Exercise description: All entries, exactly as written, should be output again.

━━━━

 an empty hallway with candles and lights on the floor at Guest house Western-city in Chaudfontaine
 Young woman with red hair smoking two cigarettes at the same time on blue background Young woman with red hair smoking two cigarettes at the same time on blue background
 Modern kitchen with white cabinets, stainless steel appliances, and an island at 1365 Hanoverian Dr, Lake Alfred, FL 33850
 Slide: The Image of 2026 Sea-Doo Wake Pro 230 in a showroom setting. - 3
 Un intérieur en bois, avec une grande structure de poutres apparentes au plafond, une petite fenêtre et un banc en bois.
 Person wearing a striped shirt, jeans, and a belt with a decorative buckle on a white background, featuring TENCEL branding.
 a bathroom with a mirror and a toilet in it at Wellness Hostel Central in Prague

━━━━

Completed task:
 an empty hallway with candles and lights on the floor at Guest house Western-city in Chaudfontaine
 Young woman with red hair smoking two cigarettes at the same time on blue background Young woman with red hair smoking two cigarettes at the same time on blue background
 Modern kitchen with white cabinets, stainless steel appliances, and an island at 1365 Hanoverian Dr, Lake Alfred, FL 33850
 Slide: The Image of 2026 Sea-Doo Wake Pro 230 in a showroom setting. - 3
 Un intérieur en bois, avec une grande structure de poutres apparentes au plafond, une petite fenêtre et un banc en bois.
 Person wearing a striped shirt, jeans, and a belt with a decorative buckle on a white background, featuring TENCEL branding.
 a bathroom with a mirror and a toilet in it at Wellness Hostel Central in Prague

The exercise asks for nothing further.